Plus récemment, Matthieu Pigasse, banquier d’affaires de gauche, tentait, dans son livre Révolutions sorti en 2012, d’infléchir et de moderniser la pensée économique et la relation au monde de ses comparses politiques. Las, sur la question de la nécessaire réduction des déficits européens, le choix des mots «baisse de la masse salariale des administrations publiques» trahissait encore la difficulté de dire les choses telles quelles sont, c’est-à-dire la nécessaire réduction des effectifs.

Dans son dernier ouvrage, Eloge de l’anormalité, le même Matthieu Pigasse ose plus et précise quelques grandes réformes de l’Etat qui permettraient de réduire son poids, avec la suppression des départements et une solidarité plus ciblée, tout en continuant d’éviter de toucher au sacro-saint corps électoral de la gauche.

Mieux, dans Le Capital au XXIe siècle, Thomas Piketty, économiste de gauche, rappelle l’importance de remettre en question constamment l’Etat, ses prérogatives et sa structure organisationnelle. Détaillant son poids toujours grandissant et notant qu’il est absurde de vouloir le «retour de l’Etat» quand «le poids de la puissance publique n’a jamais été aussi élevé», il se refuse néanmoins à préciser que ces remises en question impliquent la capacité de faire mieux et plus avec, donc, moins de fonctionnaires.

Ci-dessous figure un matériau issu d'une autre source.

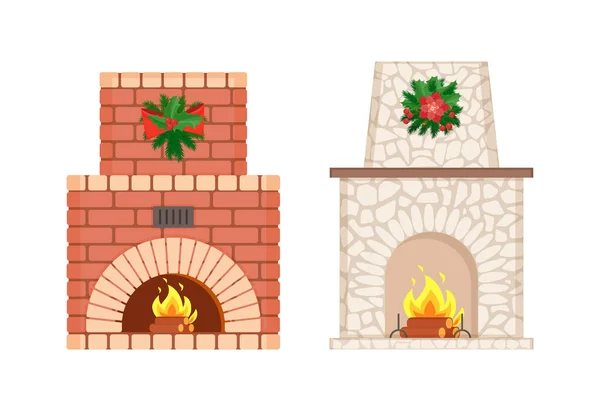 Chimenea con corona hecha de hojas de muérdago — Archivo Imágenes Vectoriales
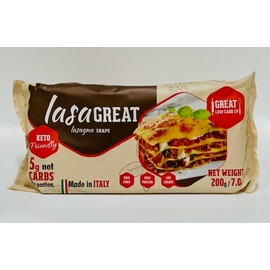 Great Low Carb Company LasaGreat Lasagna Shape 7 oz pastas, Keto, Low carb, High Protein. 5 Net Carbs, 19g Protein (1 pack)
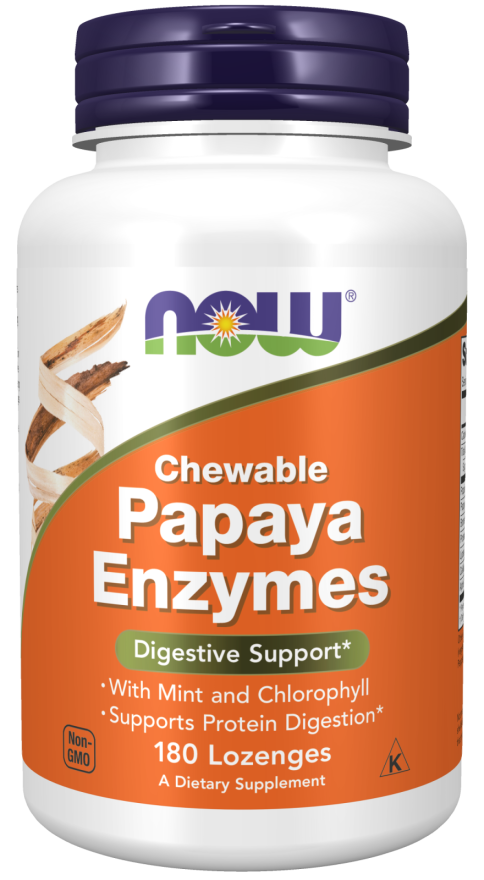 Chewable Papaya Enzymes 180 Lozenges - Digestive Support with Mint & Chlorophyll - Now Foods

Enfin, Hubert Védrine décrit dans son dernier livre, sans ambages et dès les premières pages, l’énormité de la sphère publique, de ses charges, de son faible rendement par rapport aux autres pays. Il est une des rares voix à gauche à s’élever contre cette habitude toute française de chercher ailleurs la responsabilité de nos problèmes et contre cette échappée suicidaire vers une troisième voie censée protéger l’exceptionnalisme français. Ce livre, assez enthousiasmant quant à sa volonté de présenter les choses telles qu’elles sont (une constance chez son auteur), n’y va pas par quatre chemins: la réforme doit passer notamment par la réduction de la taille de l’Etat et donc du nombre de fonctionnaires.

Bien sûr, seule, l’inflexion des idées ne suffit pas. Elles doivent être appliquées par des acteurs qui sauront les expliquer et convaincre dans la durée, tout en progressant avec cran malgré la multiplication des blocages qui ne manqueront pas. Manuel Valls saura-t-il porter cette nécessaire modernisation de l’Etat?

Si seul le temps permettra de répondre à cette question, on peut noter sa relativement ambitieuse déclaration de politique générale ─même si un horizon plus court aurait été souhaitable─, la transversalité gauche/droite de certaines de ses idées, notamment au niveau économique, couplée à un vrai courage politique et à un talent de communiquant éprouvé.

Toujours est-il que le monde bouge, et nous aussi. Et cela fait du bien.